Page 174 of Savage Hearts

I didn’t want her to be scared of me.

Fuck. I knew things were messed up, considering she wasn’t here on her own free will, but for her to be terrified of me…

I didn’t want to be my father.

Maverick walked up to me and rested his hand on my shoulder. It took everything for me not to shake his hand off. I stayed still out of respect for him, not only as the head of our syndicate, but as my brother.

I met his blue eyes. He didn’t have an answer for me either.

I walked away from them.

25

MILA

At least Iwasn’t a prisoner in the room, like I thought I would be after walking in on them in the basement.

I hadn’t been locked in my room, and the brothers seemed to be in agreement to leave me alone.

Despite my own apprehension, I didn’t want to be locked up in my room like a prisoner, even if that was what I was.

A week had passed since the incident, and Silas had tried to talk to me a few times. I ran away each time and, surprisingly, he let me.

I didn’t know how I felt about that.

I woke up this morning to the sun shining brightly through the window and warming my skin as I lay on the bed.

I looked up at the ceiling, wondering how I was supposed to accept that this was going to be my life from now on.

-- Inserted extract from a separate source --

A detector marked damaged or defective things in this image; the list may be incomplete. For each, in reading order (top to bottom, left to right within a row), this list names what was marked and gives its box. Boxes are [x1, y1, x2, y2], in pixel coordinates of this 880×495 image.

It felt like the end of the world for me when they first took me and brought me to their home. I almost convinced myself in the middle there that it wouldn’t be that bad, especially since I had come to crave the brothers’ touch. I was fucking stupid, because now, it was impossible for me to keep going like this.

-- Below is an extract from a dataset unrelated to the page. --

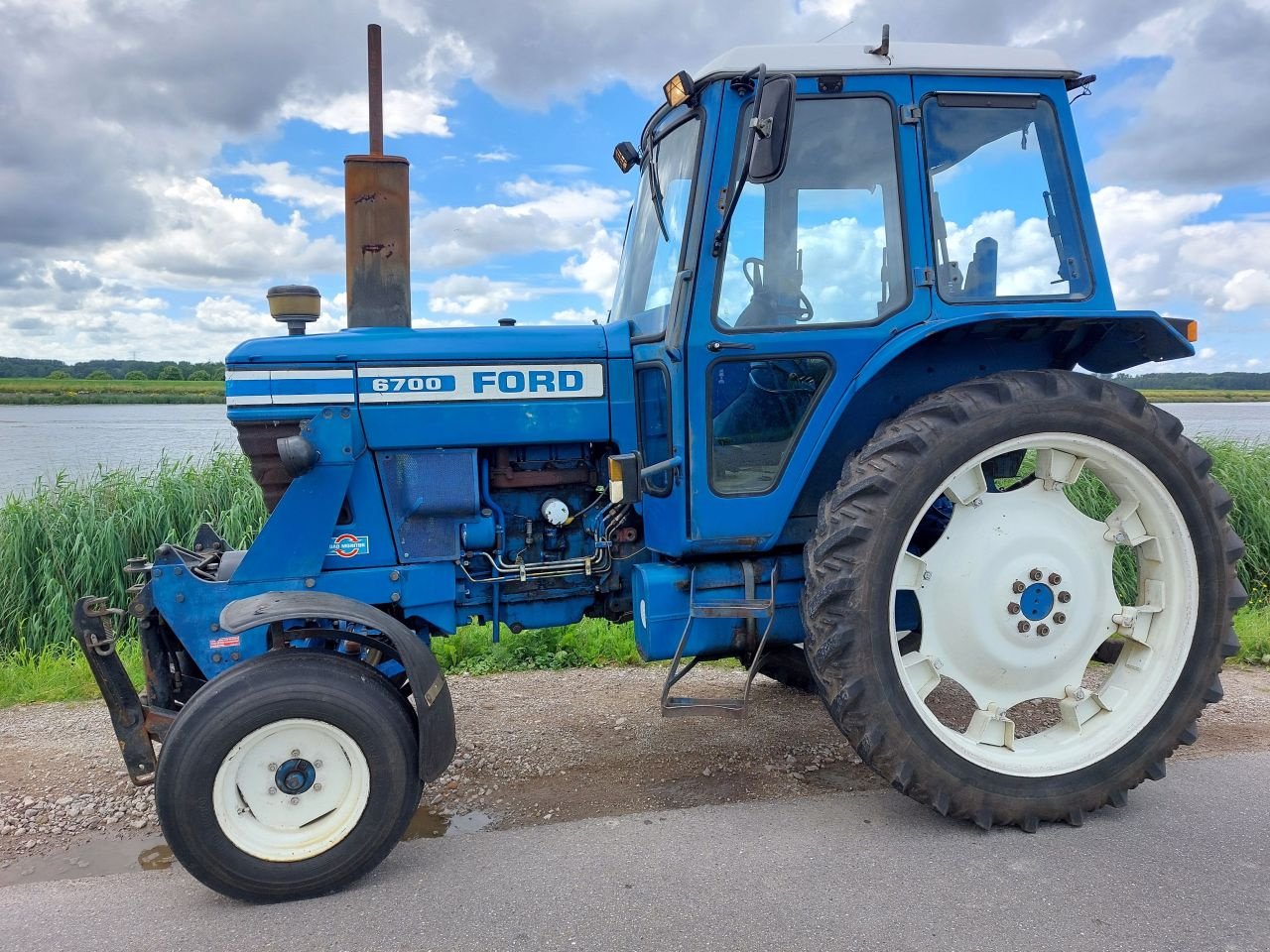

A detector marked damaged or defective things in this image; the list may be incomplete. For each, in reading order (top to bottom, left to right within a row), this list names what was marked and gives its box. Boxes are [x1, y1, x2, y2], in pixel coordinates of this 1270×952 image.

I shifted my head to the side and studied the pills on my bedside table.

Three days after the night in the basement, Silas had come in with them.

Birth control.

A peace offering from him, I imagined.

I finally got what I wanted from him, yet it seemed to mock me.

Still, I took the pills religiously.

It didn’t seem to be doing anything to me, and I hadn’t expected it to.

I reached over for it and swallowed a pill dry before I left the bed and got ready for my day.

I had a quick breakfast. Rachel looked like she wanted to say something to me but didn’t, and I pretended things weren’t as bad as they were. Then I walked out to the garden and around the property.

This had become a part of my daily routine, and not for exercise purposes.

I was trying to find a chink in the armor. A weakness in what seemed like an impenetrable fortress.

I was trying to find a way to escape.

Dad had put the fear of God into me, preventing me from trying to run away a second time, and my mistake had been giving in to the fear.

I should have tried to run away again, and again, and again, even at the risk of my life.